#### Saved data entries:
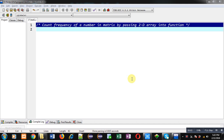Hello friends, I am Sanjay Gupta. In this video I am going to demonstrate how you can count the frequency of a number in a matrix by passing a 2D array into a function.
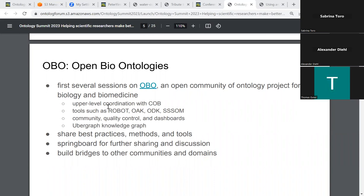Unfortunately, we don't have that recording. Ashaya said she was going to send it an hour ago. I think she's changed locations with NIH — she had meetings today, so maybe she wasn't able to finish that. So apologies there.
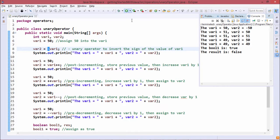On executing, we can find that var1 is still 50, but var2 has got the value minus 50.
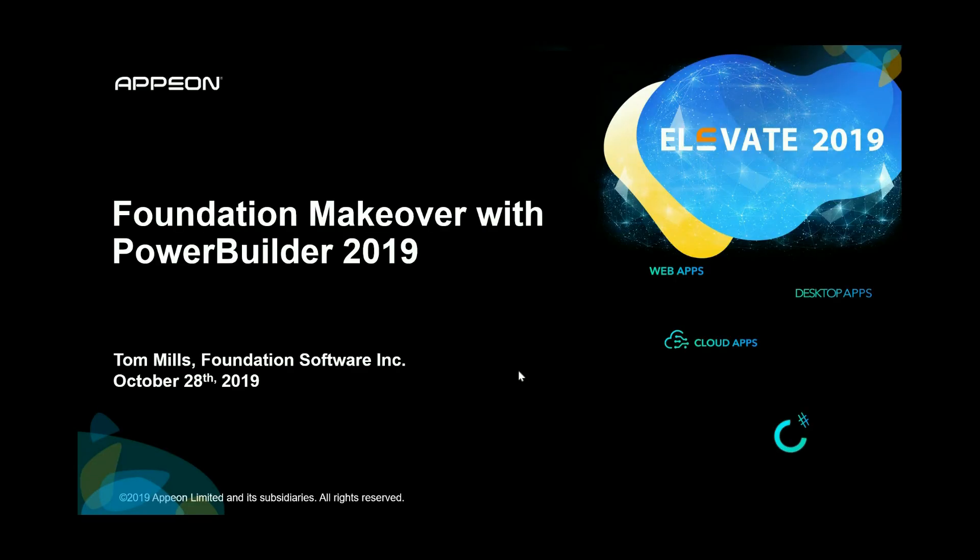Hello, my name is Tom Mills and in this keynote presentation I'd like to demonstrate how Foundation Software is making use of two of the new features in PowerBuilder 2019, the C# Web API and the UI themes, to improve our users' experience and create new business opportunities.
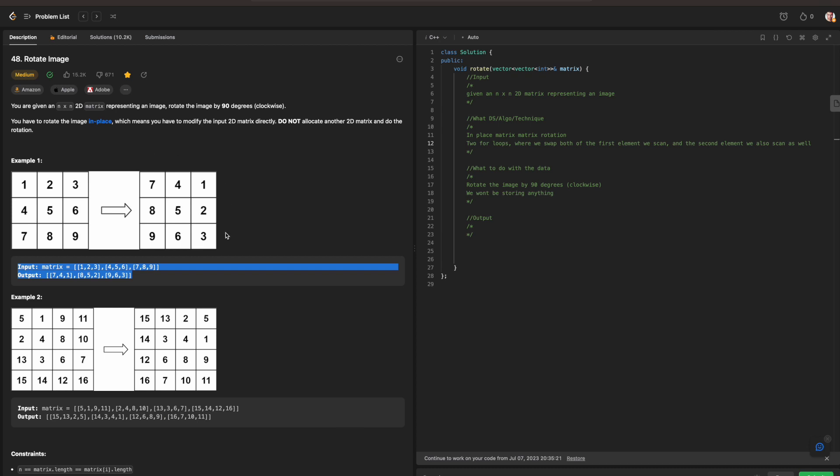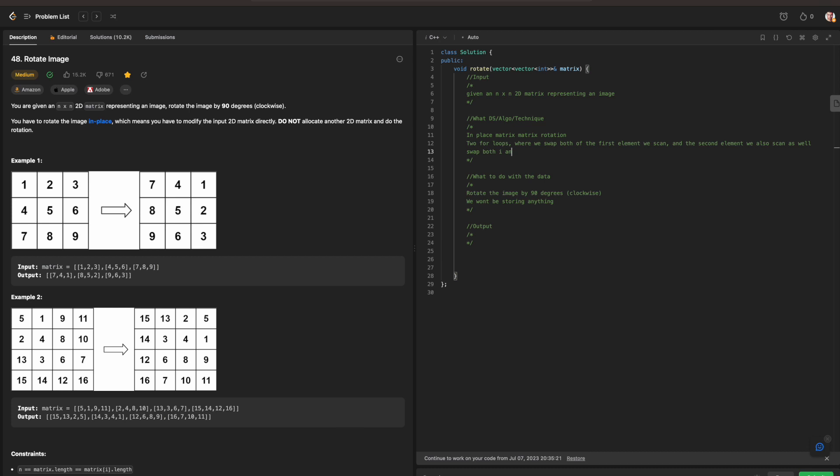So that means we are going to be scanning the entire matrix. And since we are going to be calling upon this method called swap, swap both i and j respectively, from one end to another.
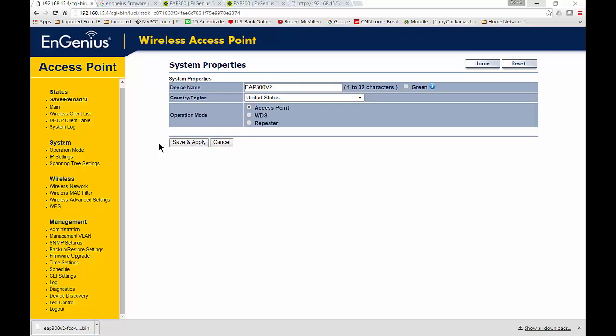We are in an EnGenius wireless access point. This is an EAP 300, but it could be any model that you want. I'm going to explain the operation mode for an access point.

#### EXERCISE DETAILS:
Each entry above must be printed exactly, apart from its pictures.

#### RESULT OF THIS TASK:
Hello friends, I am Sanjay Gupta. In this video I am going to demonstrate how you can count the frequency of a number in a matrix by passing a 2D array into a function.
Unfortunately, we don't have that recording. Ashaya said she was going to send it an hour ago. I think she's changed locations with NIH — she had meetings today, so maybe she wasn't able to finish that. So apologies there.
On executing, we can find that var1 is still 50, but var2 has got the value minus 50.
Hello, my name is Tom Mills and in this keynote presentation I'd like to demonstrate how Foundation Software is making use of two of the new features in PowerBuilder 2019, the C# Web API and the UI themes, to improve our users' experience and create new business opportunities.
So that means we are going to be scanning the entire matrix. And since we are going to be calling upon this method called swap, swap both i and j respectively, from one end to another.
We are in an EnGenius wireless access point. This is an EAP 300, but it could be any model that you want. I'm going to explain the operation mode for an access point.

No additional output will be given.